Sure, in some people’s vision of an ideal world, lawyers will disclose every contact they have with opposing counsel. But that doesn’t happen in practice, and it would be impractical to carry it out effectively. The bulk of what I know about my opposing counsel in a current case I learned during other cases, which means that information is presumptive confidential as a result of my duties to my prior clients — and, more to the point, the vast majority of relationships among opposing counsel do little to alter the situation. There are no “implications” of the relationship: I take my duties to my client seriously, as do all of the opposing lawyers I know on a personal level. I would never dream of limiting my advocacy to benefit a close friend, family member, or romantic interest, and I would be insulted and disappointed if any of them ever expected me to do so.
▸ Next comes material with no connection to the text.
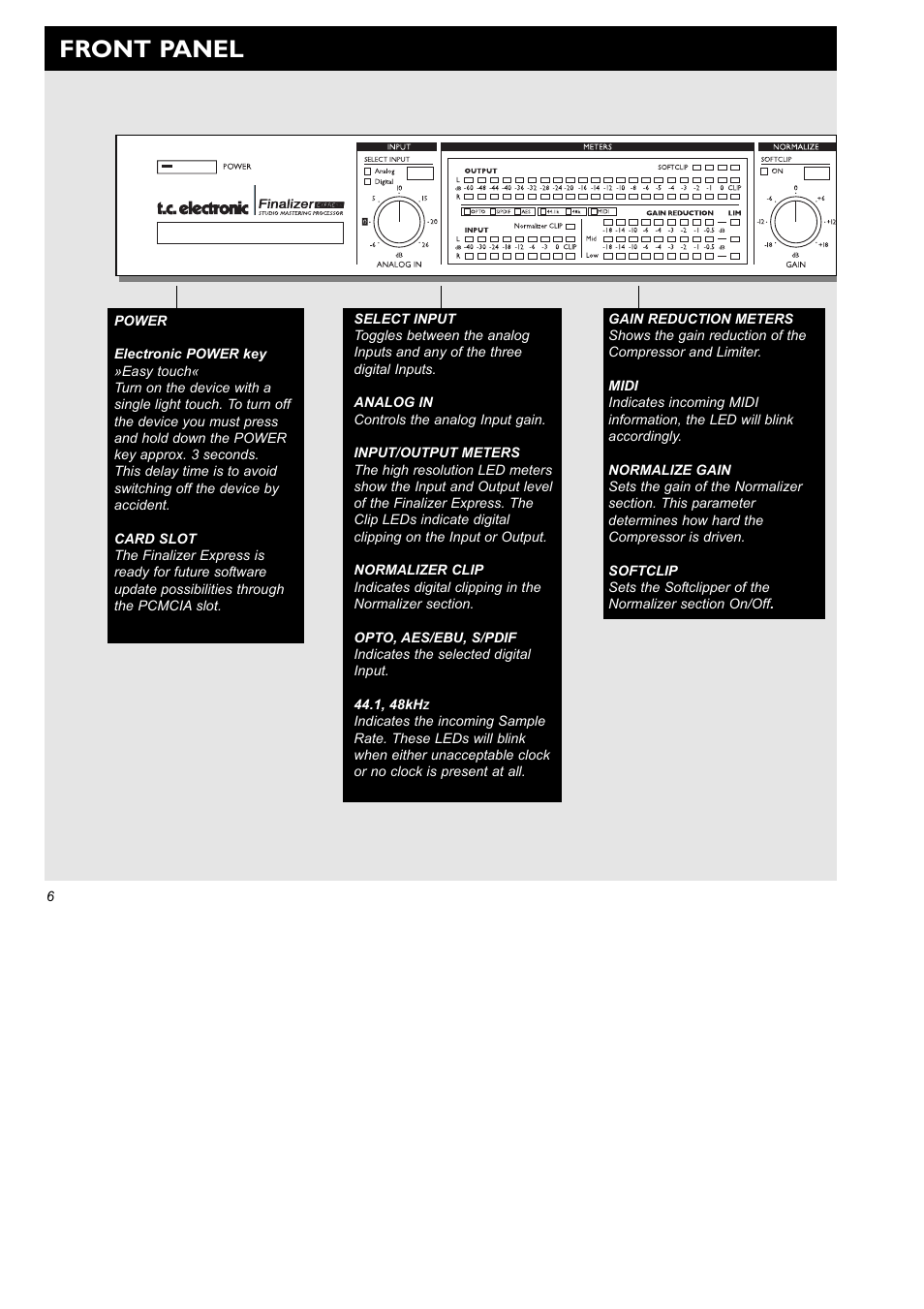 Front panel | TC Electronic Finalizer Express User Manual | Page 8 / 33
Then again, were I the client, I’d certainly like to know if the judge and the prosecutor were having an affair (though that apparently was just fine in Texas), and “disclosure (preferably in writing) of family and other relationships, however attenuated, is always the better course even in situations where it seemingly is not required by [the rules]” is perfectly good advice. Whatever the rules require (the Bar advisory opinions I’ve seen usually worry about a real adverse financial interest due to marriage), you have the general duty to put the client first and foremost.
You obviously don’t have to tell the client if you once grabbed lunch with opposing counsel, while you obviously do have to tell the client you’re married to opposing counsel. I don’t think anyone believed otherwise. In my humble opinion, the best guide for when you have to disclose is found a little bit higher up the page on those ABA Model Rule comments:
Even where there is no direct adverseness, a conflict of interest exists if there is a significant risk that a lawyer’s ability to consider, recommend or carry out an appropriate course of action for the client will be materially limited as a result of the lawyer’s other responsibilities or interests.
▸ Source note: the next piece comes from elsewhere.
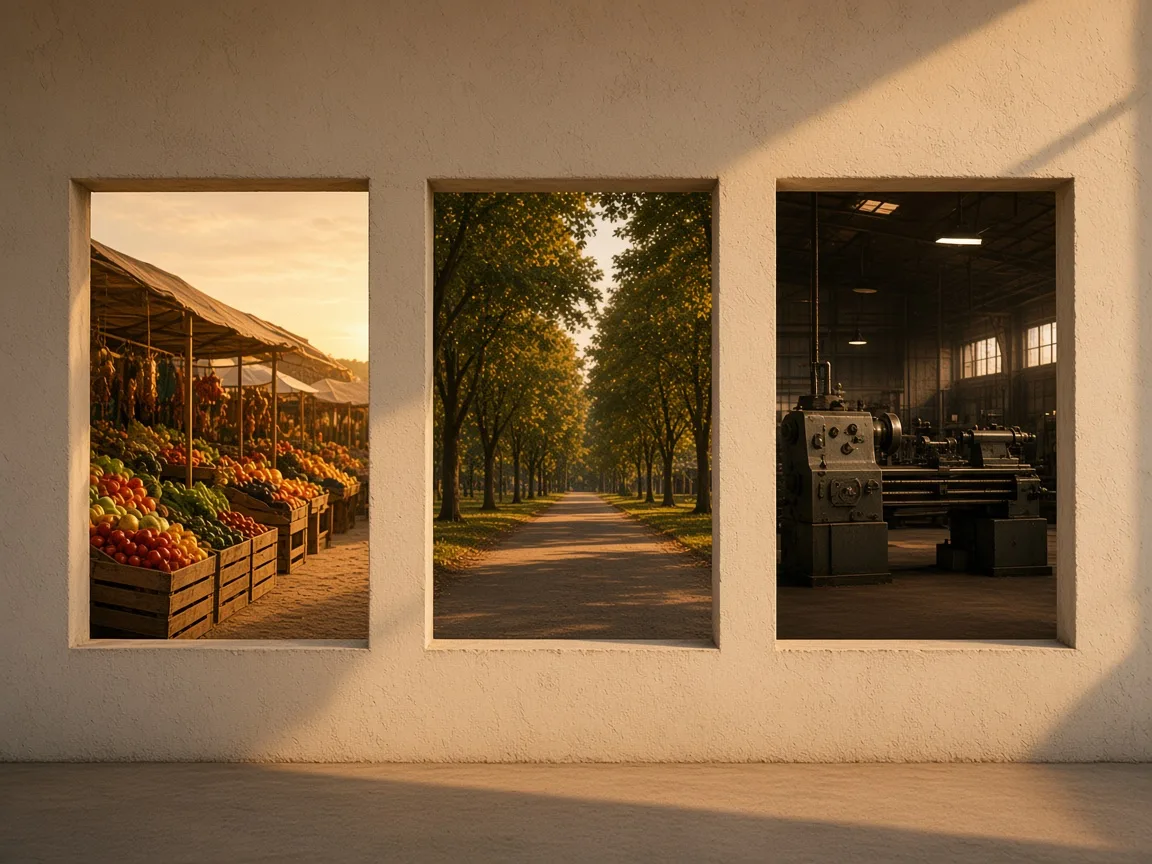 Three doorways opening onto a market, a residential lane, and a factory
That, to me, is where the analysis begins. At what point do you believe a court would seriously question your ability to represent your client? Asking her out for lunch or having dinner with her shouldn’t change that, not if you took your duty to be a zealous advocate seriously in the first place. But at some point, if you have any doubt that a court would say you could fairly carry out your professional duties, then it’s time to either hold off on the relationship, disclose the relationship to the client, or ask someone else (they can be in your firm, romance isn’t imputed to others in the firm) to take over.
The concern is if “love hath made thee a tame snake.” As You Like It, Act 4, Scene 3. If you have any doubt, then there is no doubt: you should disclose it to the client. But you’re not going to run into trouble just for picking up the phone to make a personal call.